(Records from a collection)
--- START ---
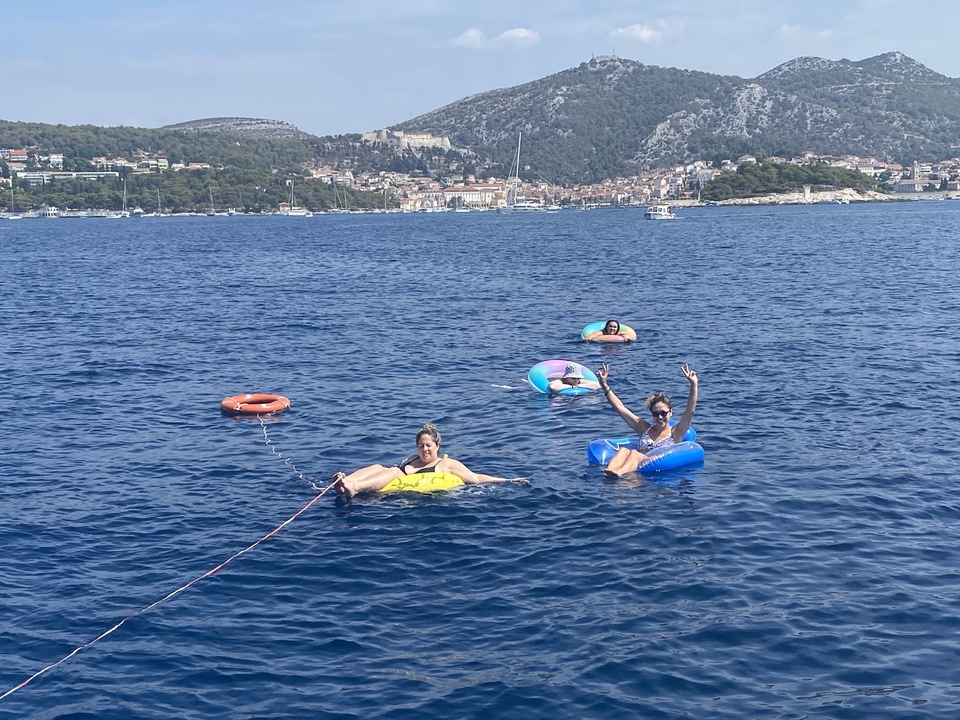 Des gens se détendent sur des matelas gonflables dans la mer avec une ville côtière en arrière-plan.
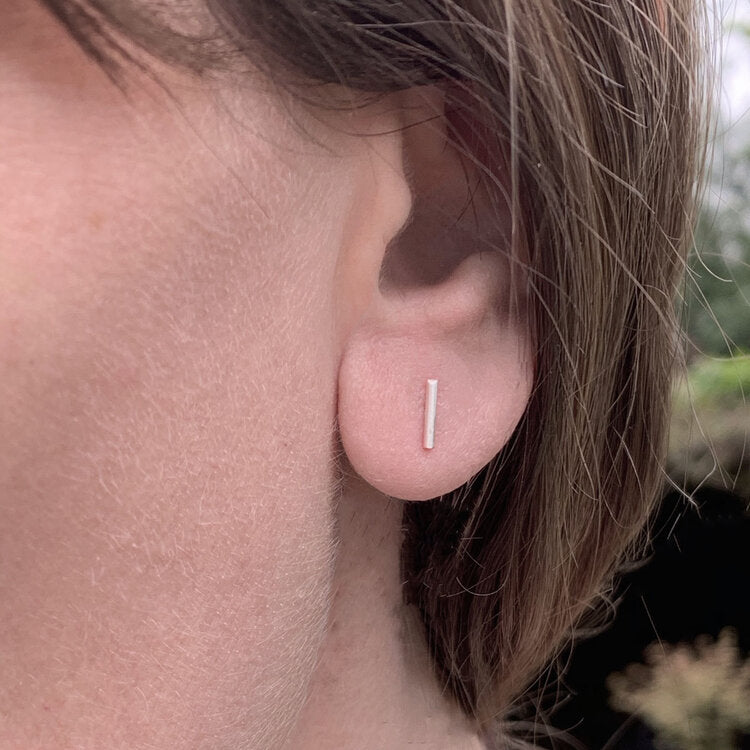 Kate Phipps Jewellery Simple elegance stud earrings short 8mm silver aligned vertically model photo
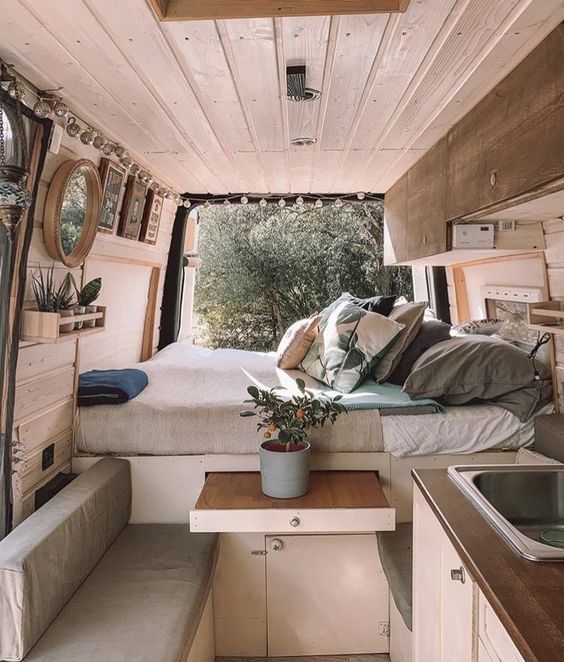 intérieur d'un van aménagé avec un lit et une table avec banquette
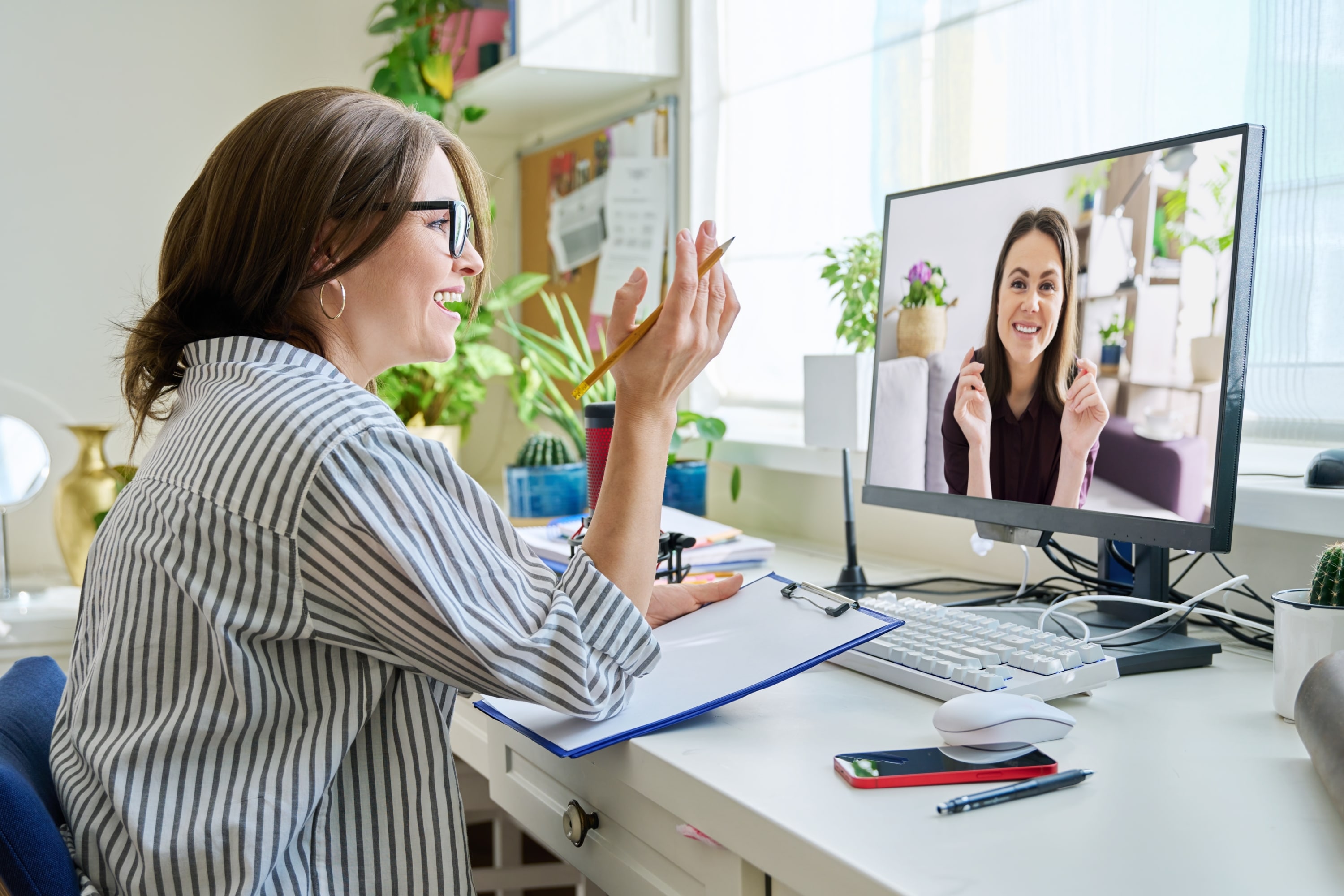 woman talking online with young female using video call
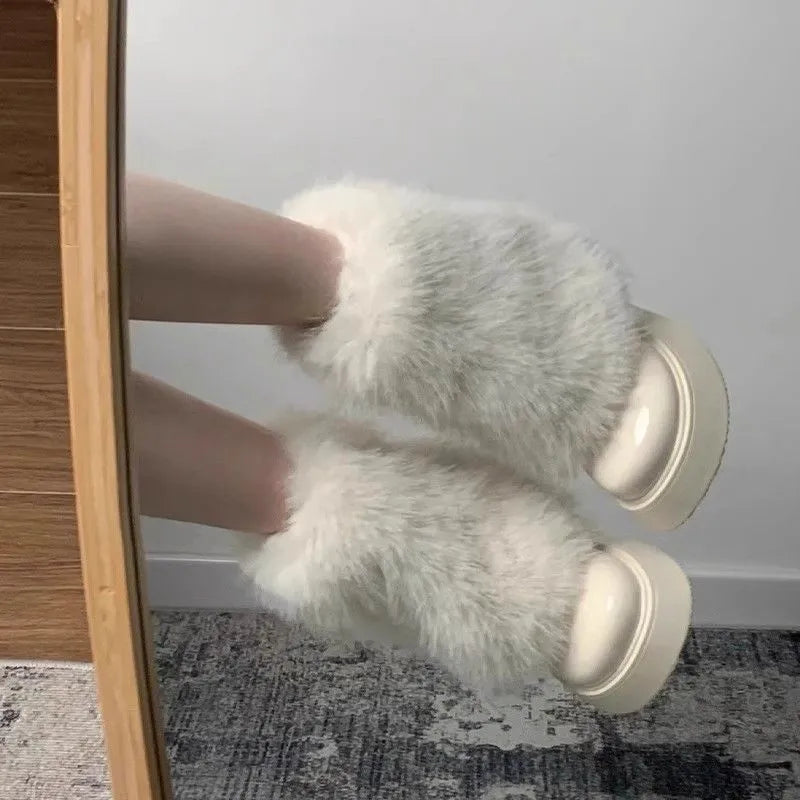 Women's artificial plush snow boots with fleece lining and waterproof platform sole in black or white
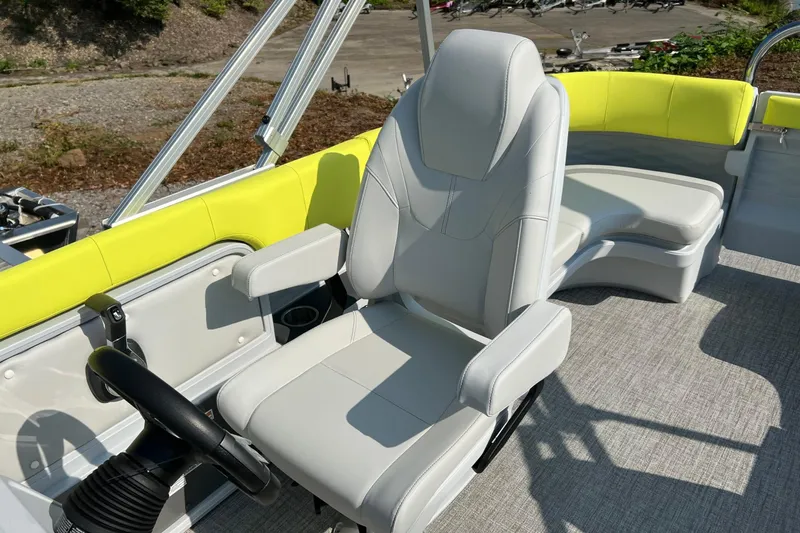 Slide: The Image of 2026 Tahoe Pontoon AURA 1985 boat interior with modern seating and steering wheel. - 10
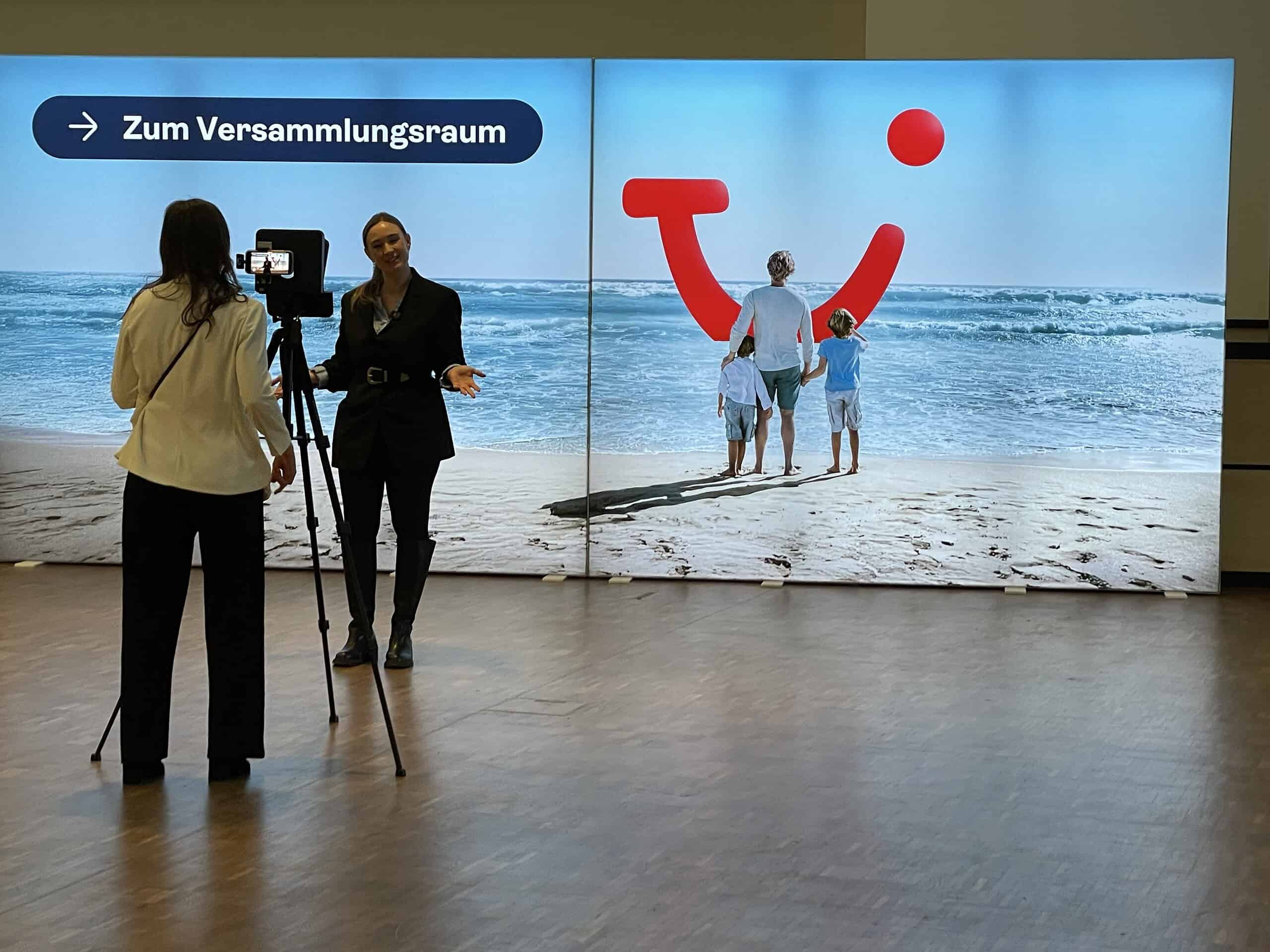 Fotografin mit Aktionärin vor TUI-Wand.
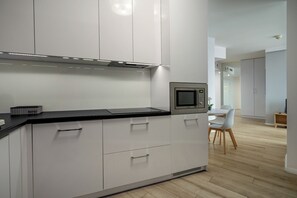 Comfort Apartment | Private kitchenette | Full-size fridge, stovetop, dishwasher, coffee/tea maker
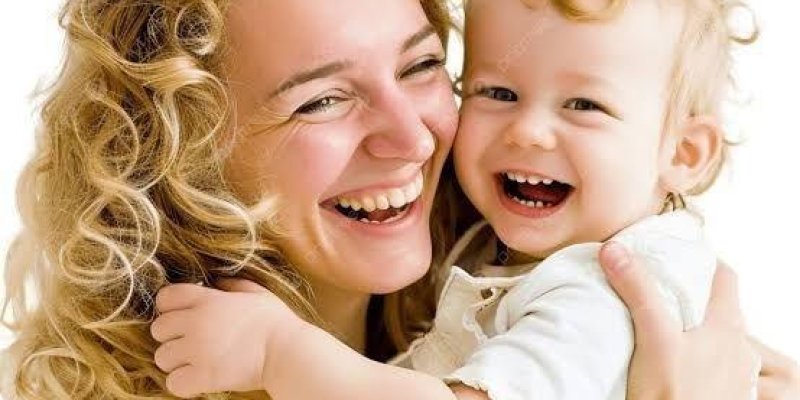 Kıvırcık sarı saçlı bir yetişkin kadın ile kıvırcık açık sarı saçlı küçük bir çocuk, yakın planda sarılarak gülüyor. Kadının teni açık ve yüzü yana dönük; gözleri kısık şekilde gülümsüyor. Çocuğun teni açık, ağzı açık kahkaha atıyor ve kadına kollarını dolamış. İkisinin de üstünde beyaz tonlarda kıyafetler var. Arka plan düz beyaz.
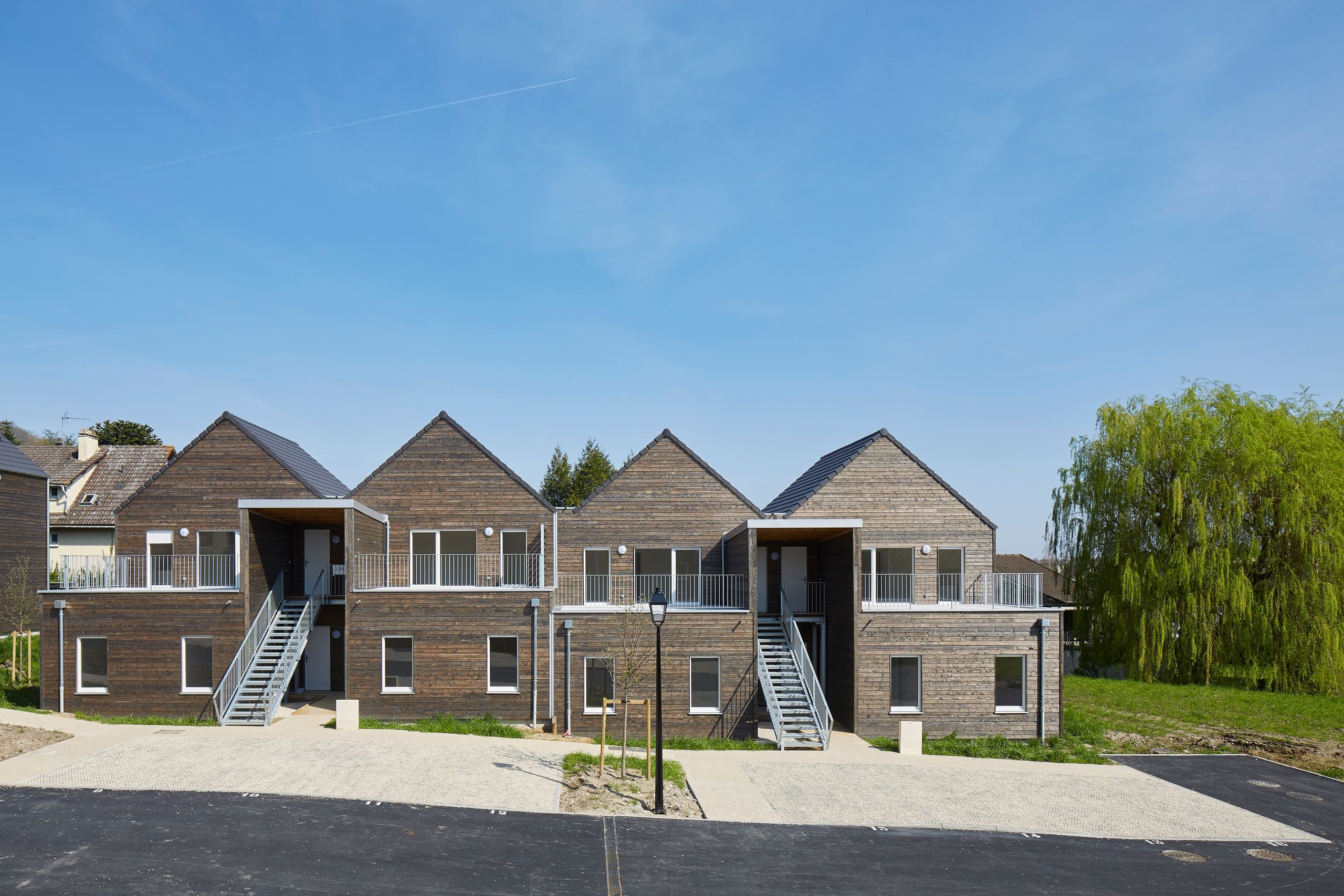 Vue de la résidence Tectoniques, 36 logements à Vauhallan : volumes en bois à toitures à deux pans, circulations extérieures et escaliers métalliques sur cour minérale.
--- END ---
(Task to complete)
Reproduce the data exactly as it appears above. Pictures are to be left out.

(Solution for this problem)
 Des gens se détendent sur des matelas gonflables dans la mer avec une ville côtière en arrière-plan.
 Kate Phipps Jewellery Simple elegance stud earrings short 8mm silver aligned vertically model photo
 intérieur d'un van aménagé avec un lit et une table avec banquette
 woman talking online with young female using video call
 Women's artificial plush snow boots with fleece lining and waterproof platform sole in black or white
 Slide: The Image of 2026 Tahoe Pontoon AURA 1985 boat interior with modern seating and steering wheel. - 10
 Fotografin mit Aktionärin vor TUI-Wand.
 Comfort Apartment | Private kitchenette | Full-size fridge, stovetop, dishwasher, coffee/tea maker
 Kıvırcık sarı saçlı bir yetişkin kadın ile kıvırcık açık sarı saçlı küçük bir çocuk, yakın planda sarılarak gülüyor. Kadının teni açık ve yüzü yana dönük; gözleri kısık şekilde gülümsüyor. Çocuğun teni açık, ağzı açık kahkaha atıyor ve kadına kollarını dolamış. İkisinin de üstünde beyaz tonlarda kıyafetler var. Arka plan düz beyaz.
 Vue de la résidence Tectoniques, 36 logements à Vauhallan : volumes en bois à toitures à deux pans, circulations extérieures et escaliers métalliques sur cour minérale.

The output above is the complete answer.